Questions? Feedback? powered by Olark live chat software
Spring over navigation

hdinsight-java-storm-eventhub

Sidst opdateret: 17-09-2016
Bidragydere:
Rediger på GitHub

An example of how to read and write from Azure Event Hub using an Apache Storm topology (written in Java,) on an Azure HDInsight cluster.

Prerequisites

How it works

com.microsoft.example.EventHubWriter writes random data to an Azure Event Hub. The data is generated by a spout, and is a random device ID and device value. So it's simulating some hardware that emits a string ID and a numeric value.

com.microsoft.example.EventHubReader reads data from Event Hub (the data written by EventHubWriter,) and stores it to HDFS (WASB in this case, since this was written and tested with Azure HDInsight) in the /devicedata directory.

The data format in Event Hub is a JSON document with the following format:

{ "deviceId": "unique identifier", "deviceValue": some value }

The reason it's stored in JSON is compatibility - I recently ran into someone who wasn't formatting data sent to Event Hub as JSON (from a Java application,) and was reading it into a Java app. Worked fine. Then they wanted to replace the reading component with a C# application that expected JSON. Problem! Always store to a nice format that is future proofed in case your components change.

Required information

  • An Azure Event Hub with two shared access policies; one that has listen permissions, and one that has write permissions. I will refer to these as "reader" and "writer", which is what I named mine

    • The policy keys for the "reader" and "writer" policies
    • The name of your Event Hub
    • The Service Bus namespace that your Event Hub was created in
    • The number of partitions available with your Event Hub configuration

    For information on creating and using EventHubs, see the Create an Event Hub section of Get Started with EventHubs

  • The Azure Storage account that is the default storage for your HDInsight cluster

    • The access key for the storage account
    • The container name that is the default storage for your HDInsight cluster

    You can find the storage account and access key information by going to the Azure Portal and selecting your HDInsight cluster. From the cluster properties blade, select All settings, and then use Azure storage keys to drill down to the storage account and key information.

    The container name is usually the same as the name of the cluster. If you used a different default container name when creating the cluster, use the value you specified.

Confgure and build

  1. Fork & clone the repository so you have a local copy.

  2. Add the Event Hub configuration to the /conf/EventHubs.properties file. This is used to configure the spout that reads from Event Hub and the bolt that writes to it.

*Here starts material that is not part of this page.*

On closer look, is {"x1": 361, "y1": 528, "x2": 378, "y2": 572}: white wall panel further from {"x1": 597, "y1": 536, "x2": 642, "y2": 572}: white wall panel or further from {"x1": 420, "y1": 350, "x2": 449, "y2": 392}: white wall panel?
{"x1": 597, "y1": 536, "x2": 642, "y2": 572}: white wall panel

  3. Add the storage account information to the /conf/core-site.xml file. This is used to tell the HDFS-bolt how to talk to HDInsight WASB, which is backed by Azure Storage.

  4. Use mvn package to build everything.

    Once the build completes, the target directory will contain a file named EventHubExample-1.0-SNAPSHOT.jar.

Deploy

The jar created by this project contains two topologies; com.microsoft.example.EventHubWriter and com.microsoft.example.EventHubReader. The EventHubWriter topology should be started first, as it writes events in to Event Hub that are then read by the EventHubReader.

If using a Linux-based cluster

  1. Use SCP to copy the jar package to your HDInsight cluster. Replace USERNAME with the SSH user for your cluster. Replace CLUSTERNAME with the name of your HDInsight cluster:

    scp ./target/EventHubExample-1.0-SNAPSHOT.jar USERNAME@CLUSTERNAME-ssh.azurehdinsight.net:.
    

    If you used a password for your SSH account, you will be prompted to enter the password. If you used an SSH key with the account, you may need to use the -i parameter to specify the path to the key file. For example, scp -i ~/.ssh/id_rsa ./target/EventHubExample-1.0-SNAPSHOT.jar USERNAME@CLUSTERNAME-ssh.azurehdinsight.net:..

    If your client is a Windows workstation, you may not have an SCP command installed. I recommend PSCP, which can be downloaded from the PuTTY download page.

    This command will copy the file to the home directory of your SSH user on the cluster.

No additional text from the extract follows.